Die benutzten Gesetze SGBII (verstößt gegen Artikel 19 Grundgesetz), OWiG in Verbindung mit StPO (verstößt gegen Artikel 19 Grundgesetz) und die Entscheidung des Bundesverfassungsgericht 19.1.1965 I 42 – 2 BvL 8/62 gegen Artikel 139, 1 und 20 in Verbindung von Artikel 79 Grundgesetz wegen eines Vorsitzenden Nazirichters Geiger.

Aus dem internen Schreiben, das mündlich Auszugsweise zitiert wurde, geht hervor, dass Erzwingungshaft bei Nichtzahlung zu erfolgen hat! Je nach Widerstand des „Querulanten“ sollen 1 bis 30 Tage beim ersten Mal angeordnet werden.

Bei sogenannten notorischen „Querulanten“ und sogenannten erkannten „Reichsbürgern“ sollen mindestens 30 bis 90 Tage Erzwingungshaft angeordnet werden. Dazu werden Vermerke in den Akten vorgenommen.
wie von Himmler geschult

Für Oranienburg und Neuruppin ist die Staatsanwaltschaft Neuruppin zuständig, die entweder eine Klage vor den Amtsgerichten fordern oder sofort „Erzwingungshaft“ von den Richter einfordern soll. Die Polizeistationen in OHV und OPR werden derzeit geschult, sogenannte „Querulanten“ und „Reichsbürger“ leicht erkennen zu können.
Die Ordnungsämter sollen ebenso diese Schulungspropaganda erhalten und durchlaufen, wie auch alle Gerichte diese seit 2004 erhalten.
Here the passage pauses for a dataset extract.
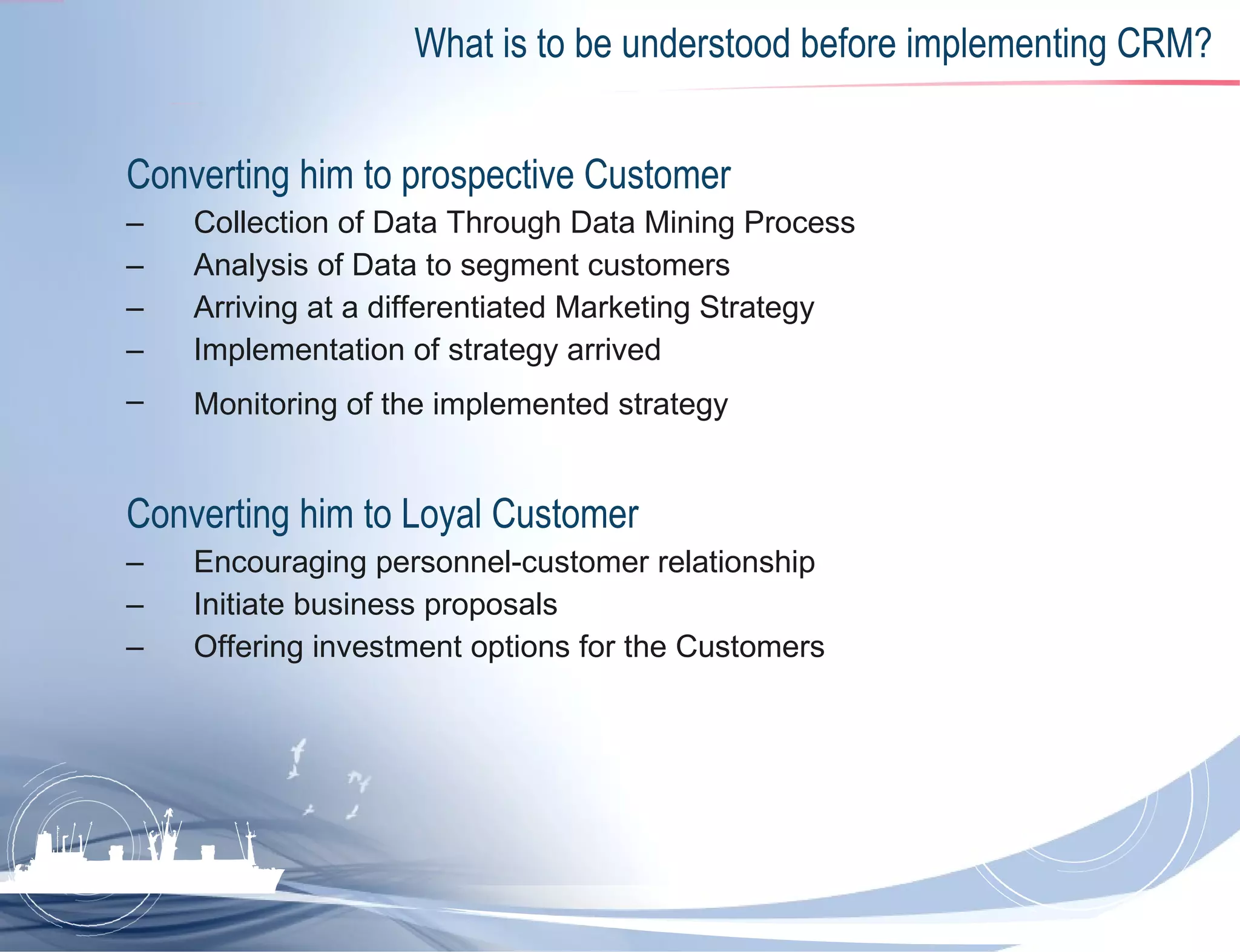 What is to be understood before implementing CRM? Converting him to prospective Customer  Collection of Data Through Data Mining Process  Analysis of Data to segment customers Arriving at a differentiated Marketing Strategy  Implementation of strategy arrived Monitoring of the implemented strategy   Converting him to Loyal Customer  Encouraging personnel-customer relationship Initiate business proposals  Offering investment options for the Customers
In einem der Neuruppiner Jobcenter werden diese Pamphlete verteilt. Dabei geht es weder um Reichsbürger oder Querulanten, sondern um Menschen, die es wagen, sich mit Hilfe des Grundgesetzes zu Wehr zu setzen. Immer wieder wird darauf gedrungen, dass der „Amtsträger“ bei den Worten Grundgesetz, Gerechtigkeit und Grundgesetzwidrige Gesetze und Paragraphen, laut schreien soll. Sie sollen denjenigen und diejenigen regelrecht anbrüllen.
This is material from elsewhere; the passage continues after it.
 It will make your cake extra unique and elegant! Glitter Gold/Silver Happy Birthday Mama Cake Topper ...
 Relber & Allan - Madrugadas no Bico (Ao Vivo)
Mit dem Anschreien soll eine schwere körperliche Tat provoziert und das eigene Verhalten für sich selber legitimiert werden. So kommt es auch immer öfter dazu, dass Richter und Richterinnen scheinbar ohne ersichtlichen Grund anfangen zu schreien. Diese Robenträger schreien auch das Publikum an, wenn sie einen der sogenannten „Reichsbürger“ erkannt haben wollen. Und zu allerletzt soll auch der Polizist schreien.
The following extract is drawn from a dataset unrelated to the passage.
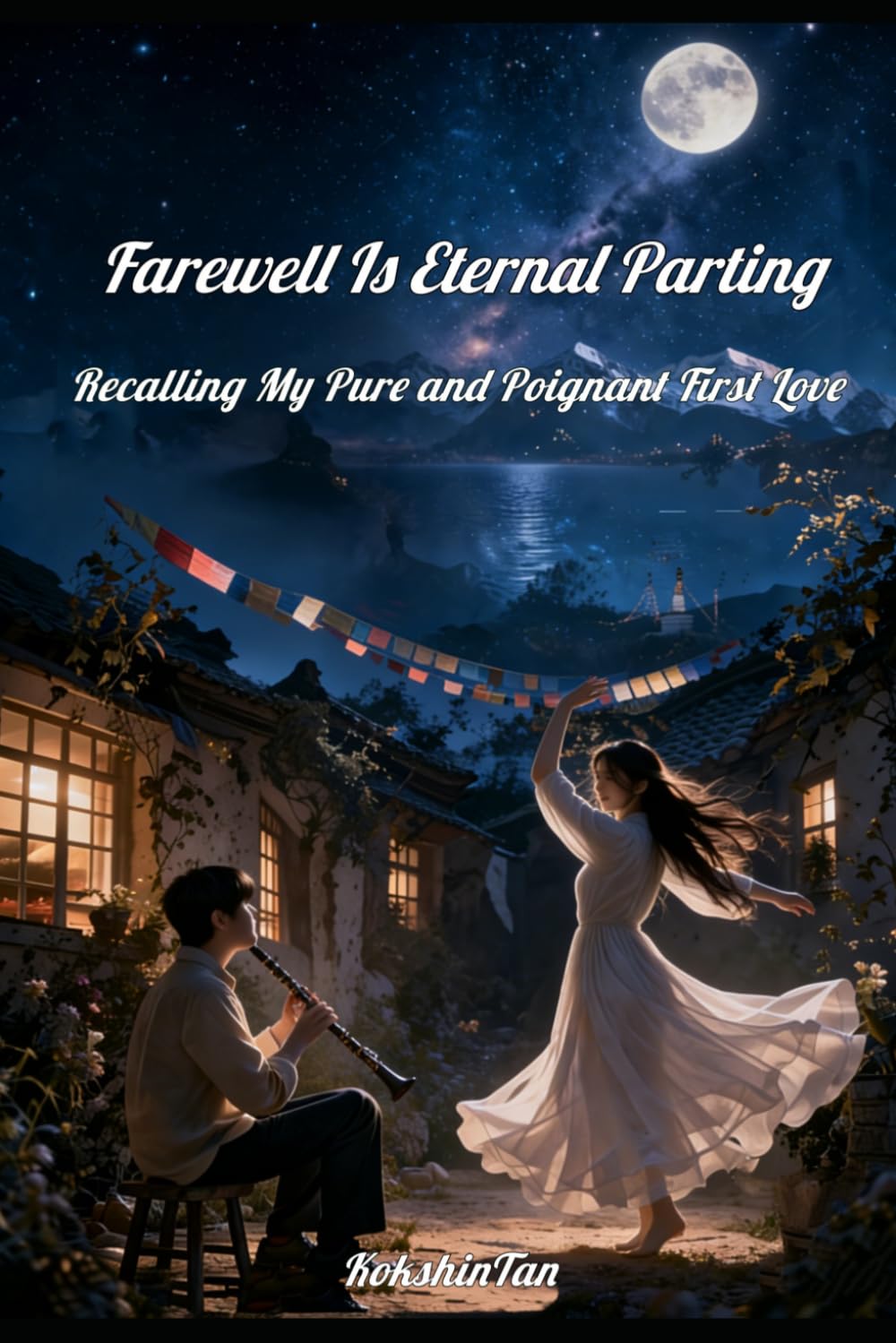 Farewell Is Eternal Parting: Recalling My Pure and Poignant First Love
So wurde ein beobachtender Anwalt und ein Polizist in Zivil einfach so angeschrien und bei Androhung einer Ordnungsstrafe des Gerichtssaals verwiesen. Aber auch Gewerkschafter wurden angeschrien, weil diese angeblich sich unterhalten hätten. Dabei hatte niemand ein Wort gesagt, gelacht, gehustet oder geweint.

Was dabei nicht vergessen werden darf, ist die Tatsache, dass all diese vielen Anleitungstexte von den Vorgesetzten ausgedacht und geschrieben werden. Denen ist es egal, ob aufgrund solcher Exzesse Menschen zu Schaden kommen.
Wie Kritiker, Grundgesetzverteidiger, Demokraten und ALGII Empfänger zu „Reichsbürgern“ und „Querulanten“ werden

Propaganda hat im allgemeinen zwei Funktionen. Die Allgemeinheit soll einen Schuldigen haben und dafür muss eine Gruppe oder mehrere Gruppen diffamiert werden. Noch besser ist es, Gruppen diverse Straftaten nachzusagen oder Unwahrheiten zu behaupten, ohne dies zu beweisen, damit der Solidaritätsgedanke, also die Empathie der Allgemeinheit für diese Gruppe oder Gruppen auf Null sinkt.

Aktuell wurden uns zwei sogenannte „Reichsbürger“ vorgeführt. Alle Informationen stammen aus den Medien. Im Zweifel für den Angeklagten, wird seit Beginn der regelrechten Hetze immer missachtet. Daraus soll folgen, dass wir die Informationen der Medien glauben oder zumindest nicht ignorieren.

Die Medien präsentieren dann immer wieder Politiker, die ein schärferes Vorgehen gegen „Reichsbürger“ fordern und später auch ein hartes Vorgehen gegen die „Reichsbürgerbewegung“ ankündigen. Ihre Vorbilder entnehmen sie dazu aus dem verbotenen Reichsbürgergesetz von 1935 und den auch damals erlassenen Verfolgungsanleitungen von 1933/36/38/41 und 44. Damals haben immer sogenannte aufrechte Bürger andere Menschen regelrecht denunziert, angezeigt und sogar Straftaten nachgesagt. Die Folge davon war das Verhaften und Einsperren von etwa 8 Millionen Menschen.

Bekannt sind heute nur das Verbrechen an 6 Millionen Juden. 27 Millionen Russen und vor allem etwa 5 Millionen Kriegsgefangene, Arbeits- und Obdachlose, Kritiker, Behinderte und andere Opfer werden von den Medien ignoriert. Man kann auch sagen die Medien leugnen die damaligen Verbrechen des Dritten Reiches, da sie von 11 Millionen Opfer im Inland nur 6 Millionen zugeben.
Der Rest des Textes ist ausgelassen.